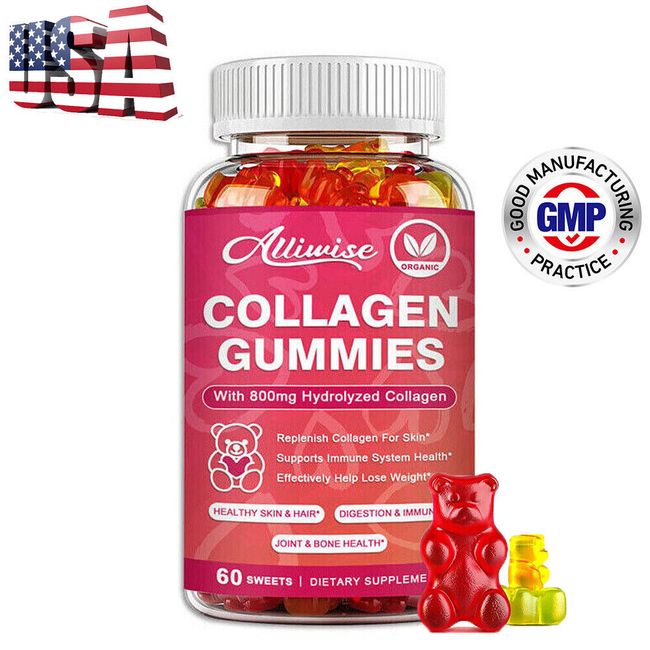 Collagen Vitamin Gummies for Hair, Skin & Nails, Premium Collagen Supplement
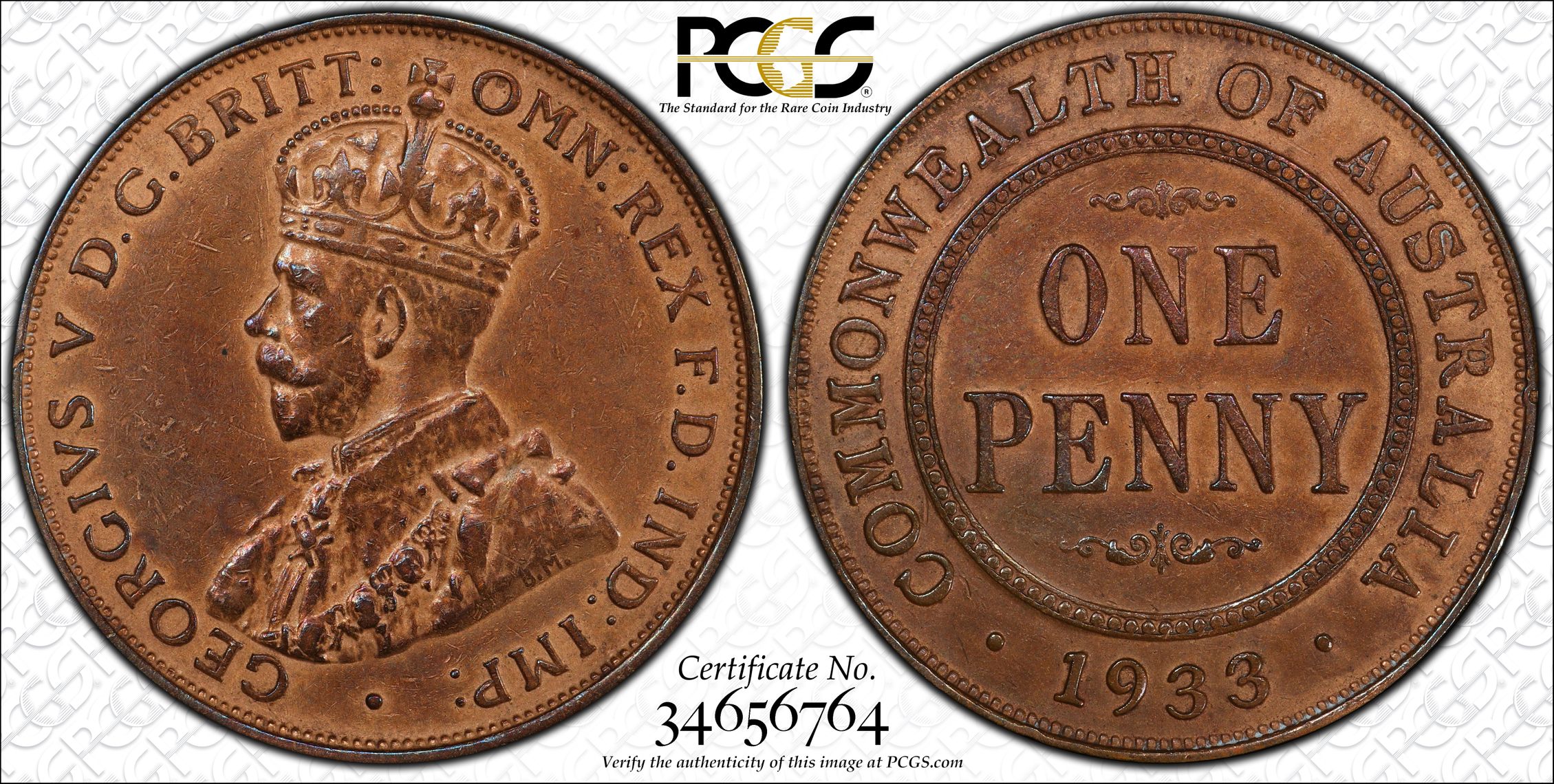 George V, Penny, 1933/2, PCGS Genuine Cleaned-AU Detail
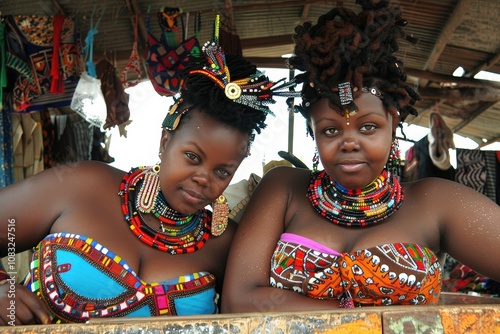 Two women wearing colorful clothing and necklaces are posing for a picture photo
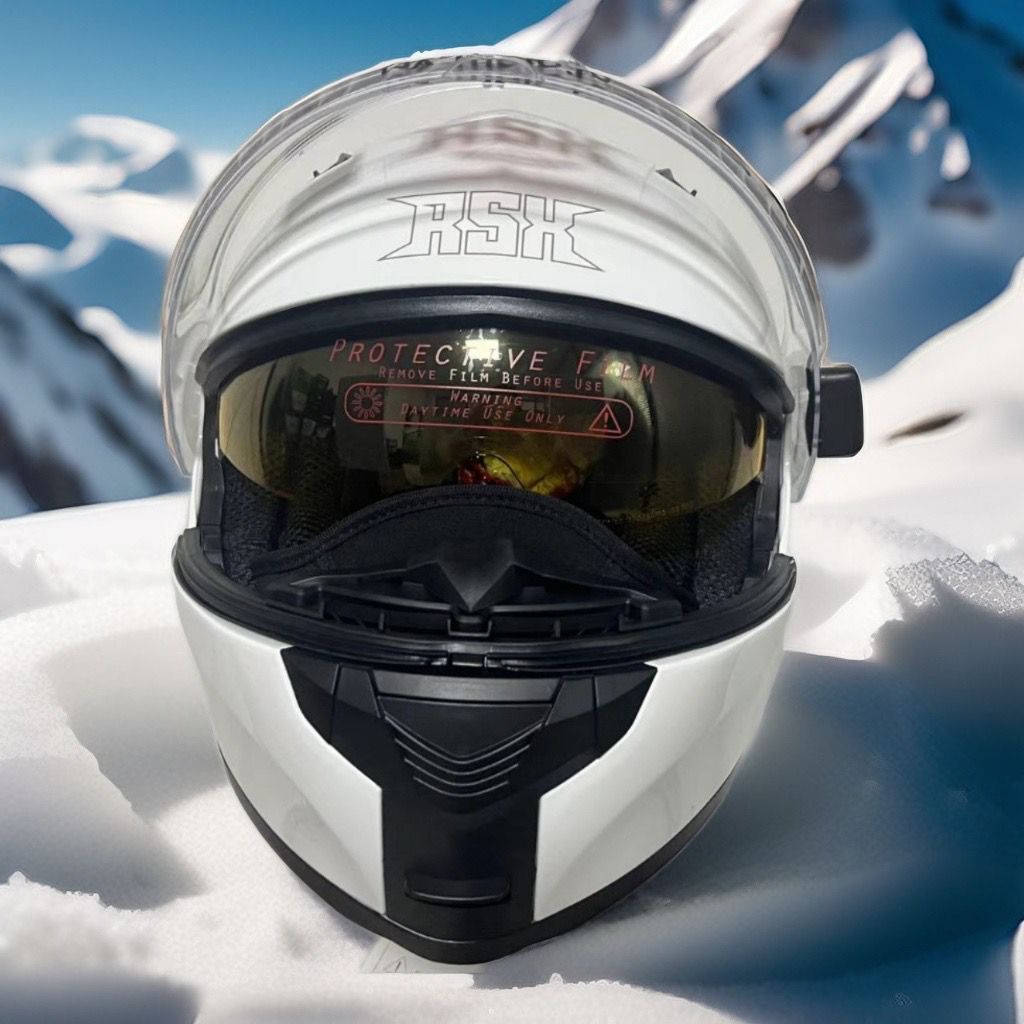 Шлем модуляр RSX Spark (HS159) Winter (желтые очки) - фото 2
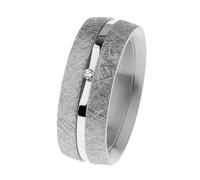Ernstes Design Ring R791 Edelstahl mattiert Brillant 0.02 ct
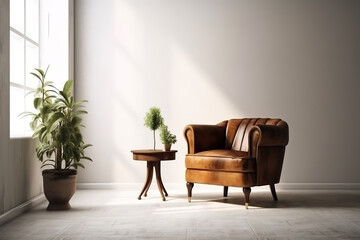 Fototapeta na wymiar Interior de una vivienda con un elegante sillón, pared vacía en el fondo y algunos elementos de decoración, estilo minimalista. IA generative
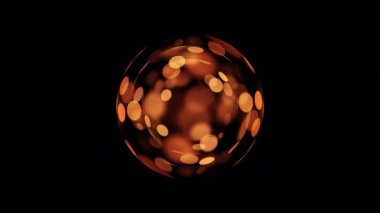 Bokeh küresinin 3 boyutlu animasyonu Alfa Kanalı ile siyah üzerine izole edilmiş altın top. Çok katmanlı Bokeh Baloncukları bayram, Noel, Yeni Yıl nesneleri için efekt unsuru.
= = = = =
Work request: Return the listing above word for word. Keep the images out.

The completed task:
 Collagen Vitamin Gummies for Hair, Skin & Nails, Premium Collagen Supplement
 George V, Penny, 1933/2, PCGS Genuine Cleaned-AU Detail
 Two women wearing colorful clothing and necklaces are posing for a picture photo
 Шлем модуляр RSX Spark (HS159) Winter (желтые очки) - фото 2
Ernstes Design Ring R791 Edelstahl mattiert Brillant 0.02 ct
 Fototapeta na wymiar Interior de una vivienda con un elegante sillón, pared vacía en el fondo y algunos elementos de decoración, estilo minimalista. IA generative
 Bokeh küresinin 3 boyutlu animasyonu Alfa Kanalı ile siyah üzerine izole edilmiş altın top. Çok katmanlı Bokeh Baloncukları bayram, Noel, Yeni Yıl nesneleri için efekt unsuru.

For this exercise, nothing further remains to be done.